Gerhard Schröder, Bundeskanzler

Was war der alte Kanzler doch für ein Mann! Haben wir seinen in der Tat beträchtlichen Leibesumfang nicht geliebt, heimlich? Weil wir genau wußten, daß auch wir die besten Drei-Sterne-Köche antanzen lassen würden, wenn wir a) den französischen Staatspräsidenten zu Gast haben und b) eh alles bezahlt wird? Weil wir ihn beneidet haben um die Fähigkeit, eben noch einen Saumagen hinterher zu schieben, wenn der erste geschmeckt hat? Und haben wir ihn nicht in turborinderkuhfladengroßen Wienerschnitzeln schwelgen sehen, in Bergen von Kartoffelsalat, in Speckknödelsuppe und Salzburger Nockerln zur Nachspeise, wenn er wieder mal am Wolfgangsee beim Abspecken war?

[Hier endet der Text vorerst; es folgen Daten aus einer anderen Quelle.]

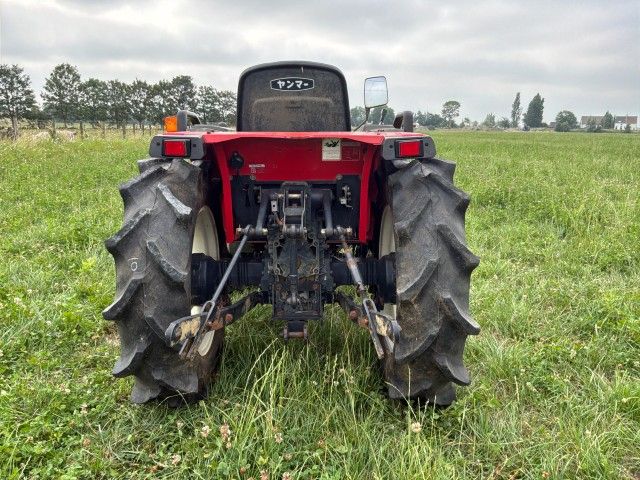 Yanmar F-220 Four-Wheel-Drive Mini Tractor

Welch traurige Gestalt ist dagegen der Neue. Zu drei Humidoren allein im Arbeitszimmer hat er es gebracht, doch die Havanna schmaucht er noch immer mit der Geste des Emporkömmlings, der den Genuß nicht aus dem Tabakrauch, sondern aus dem Preis der Zigarre gewinnt. Essen können mehr Leute als Zigarrenrauchen, deswegen hält sich Schröder kulinarisch instinktiv an das, wovon er vielleicht wirklich etwas versteht: Was Kohl der Saumagen war, das ist ihm die Currywurst. "Gute Currywurst gibt es an sehr vielen Orten", diktierte der Kanzler gewohnt präzise der Süddeutschen Zeitung ins Magazin. "Ich bin insofern auch freudig gespannt auf den Umzug nach Berlin." Die beste Currywurst habe es einst - wo sonst? - in Hannovers Oststadt gegeben. "Um so erstaunter" sei er gewesen, als er "hier, in der Kantine des Bundeskanzleramts, eine außerordentlich genießbare Currywurst mit Pommes im Angebot fand. Und die gab es hier sogar schon vor meiner Zeit. Ist doch toll, oder?" Wirklich toll, Herr Schröder.